Data supplied =>
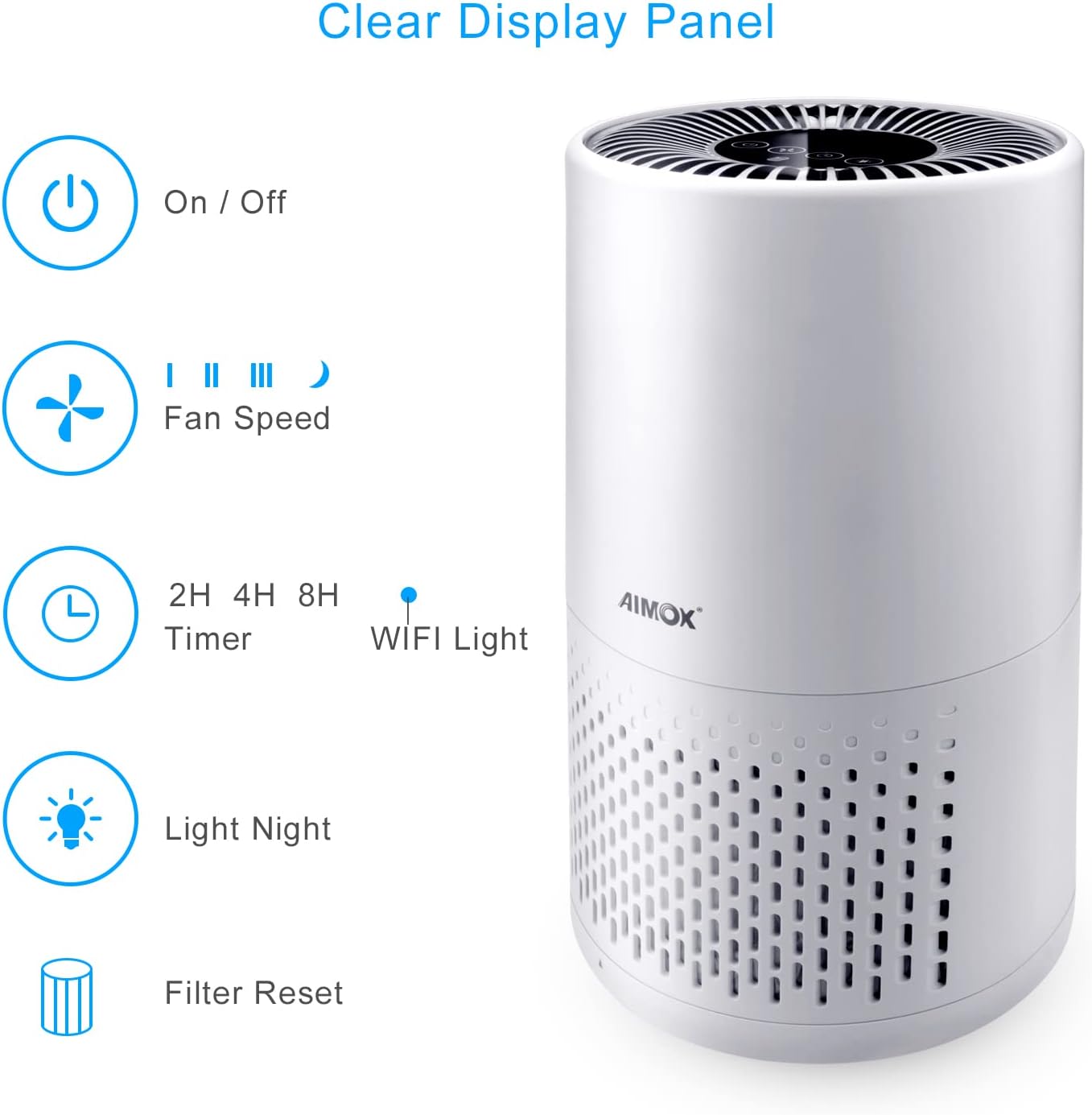Intelligenter Luftreiniger zum Reinigen und Säubern, Aimox mit Luftqualitätssensor, Luftfilter, 3 Funktionen, Timer, Nachtlicht, CADR 136 m³/h, HEPA-Filter, Funktionen mit APP-Unterstützung, Alexa und Google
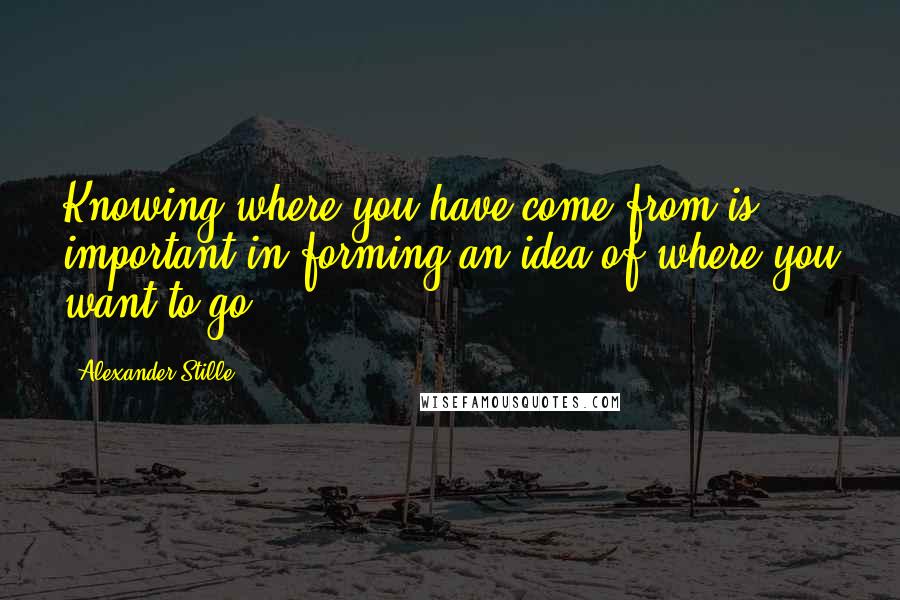 Alexander Stille Quotes: Knowing where you have come from is important in forming an idea of where you want to go.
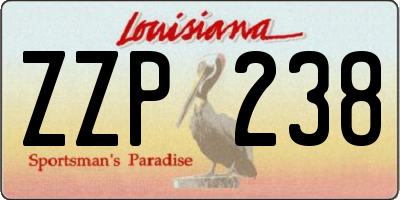 LA license plate ZZP238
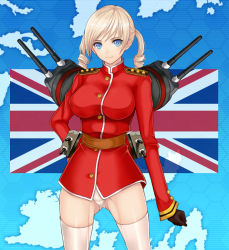Rule 34 | 10s, 1girl, bad id, bad pixiv id, blonde hair, blue eyes, breasts, brown gloves, gloves, highres, hms dreadnought, honeycomb (pattern), honeycomb background, honeycomb pattern, kamimiya, kantai collection, large breasts, long sleeves, looking at viewer, mecha musume, military, military uniform, no pants, original, panties, pantyshot, personification, simple background, solo, standing, thighhighs, turret, underwear, uniform, union jack, white background, white panties, white thighhighs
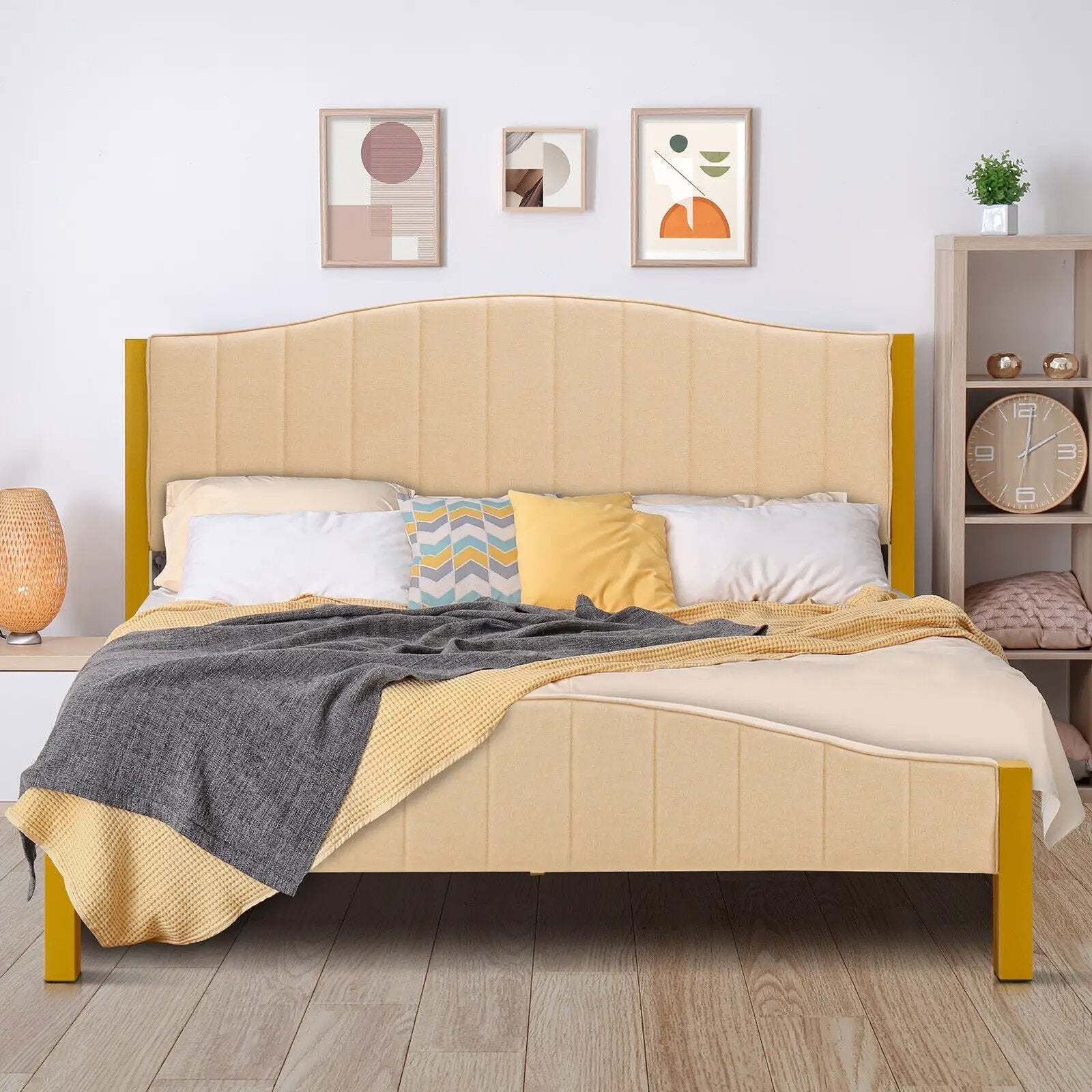 Full/Queen Size Upholstered Bed Frame with Quilted Headboard by DirectDeals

Exercise details =>
Drop the pictures; repeat the listing above exactly.

Task response =>
Intelligenter Luftreiniger zum Reinigen und Säubern, Aimox mit Luftqualitätssensor, Luftfilter, 3 Funktionen, Timer, Nachtlicht, CADR 136 m³/h, HEPA-Filter, Funktionen mit APP-Unterstützung, Alexa und Google
 Alexander Stille Quotes: Knowing where you have come from is important in forming an idea of where you want to go.
 LA license plate ZZP238
Rule 34 | 10s, 1girl, bad id, bad pixiv id, blonde hair, blue eyes, breasts, brown gloves, gloves, highres, hms dreadnought, honeycomb (pattern), honeycomb background, honeycomb pattern, kamimiya, kantai collection, large breasts, long sleeves, looking at viewer, mecha musume, military, military uniform, no pants, original, panties, pantyshot, personification, simple background, solo, standing, thighhighs, turret, underwear, uniform, union jack, white background, white panties, white thighhighs
 Full/Queen Size Upholstered Bed Frame with Quilted Headboard by DirectDeals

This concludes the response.